• [Work task]: Extract the listing in its entirety, keeping each line identical to the original.

• [Material for this exercise]:
....................

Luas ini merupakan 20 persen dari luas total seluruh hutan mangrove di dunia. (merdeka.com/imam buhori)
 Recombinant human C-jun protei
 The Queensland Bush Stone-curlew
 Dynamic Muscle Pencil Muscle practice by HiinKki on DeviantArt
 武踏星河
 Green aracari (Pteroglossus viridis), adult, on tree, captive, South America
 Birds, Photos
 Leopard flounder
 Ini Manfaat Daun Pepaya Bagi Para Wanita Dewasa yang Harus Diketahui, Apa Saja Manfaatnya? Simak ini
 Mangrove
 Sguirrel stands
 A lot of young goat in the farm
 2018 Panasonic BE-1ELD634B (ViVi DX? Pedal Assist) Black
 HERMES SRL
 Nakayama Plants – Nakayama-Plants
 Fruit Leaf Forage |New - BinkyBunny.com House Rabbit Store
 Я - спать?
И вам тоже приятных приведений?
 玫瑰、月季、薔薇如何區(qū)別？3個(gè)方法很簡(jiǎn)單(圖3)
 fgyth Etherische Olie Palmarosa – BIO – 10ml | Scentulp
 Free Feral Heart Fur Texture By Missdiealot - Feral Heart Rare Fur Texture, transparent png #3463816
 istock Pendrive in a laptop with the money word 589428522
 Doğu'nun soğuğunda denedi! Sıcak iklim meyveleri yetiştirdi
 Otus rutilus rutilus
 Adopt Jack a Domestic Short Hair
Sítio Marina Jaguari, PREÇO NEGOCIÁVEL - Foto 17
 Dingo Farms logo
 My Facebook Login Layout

....................

• [Solution for this problem]:
Luas ini merupakan 20 persen dari luas total seluruh hutan mangrove di dunia. (merdeka.com/imam buhori)
 Recombinant human C-jun protei
 The Queensland Bush Stone-curlew
 Dynamic Muscle Pencil Muscle practice by HiinKki on DeviantArt
 武踏星河
 Green aracari (Pteroglossus viridis), adult, on tree, captive, South America
 Birds, Photos
 Leopard flounder
 Ini Manfaat Daun Pepaya Bagi Para Wanita Dewasa yang Harus Diketahui, Apa Saja Manfaatnya? Simak ini
 Mangrove
 Sguirrel stands
 A lot of young goat in the farm
 2018 Panasonic BE-1ELD634B (ViVi DX? Pedal Assist) Black
 HERMES SRL
 Nakayama Plants – Nakayama-Plants
 Fruit Leaf Forage |New - BinkyBunny.com House Rabbit Store
 Я - спать?
И вам тоже приятных приведений?
 玫瑰、月季、薔薇如何區(qū)別？3個(gè)方法很簡(jiǎn)單(圖3)
 fgyth Etherische Olie Palmarosa – BIO – 10ml | Scentulp
 Free Feral Heart Fur Texture By Missdiealot - Feral Heart Rare Fur Texture, transparent png #3463816
 istock Pendrive in a laptop with the money word 589428522
 Doğu'nun soğuğunda denedi! Sıcak iklim meyveleri yetiştirdi
 Otus rutilus rutilus
 Adopt Jack a Domestic Short Hair
Sítio Marina Jaguari, PREÇO NEGOCIÁVEL - Foto 17
 Dingo Farms logo
 My Facebook Login Layout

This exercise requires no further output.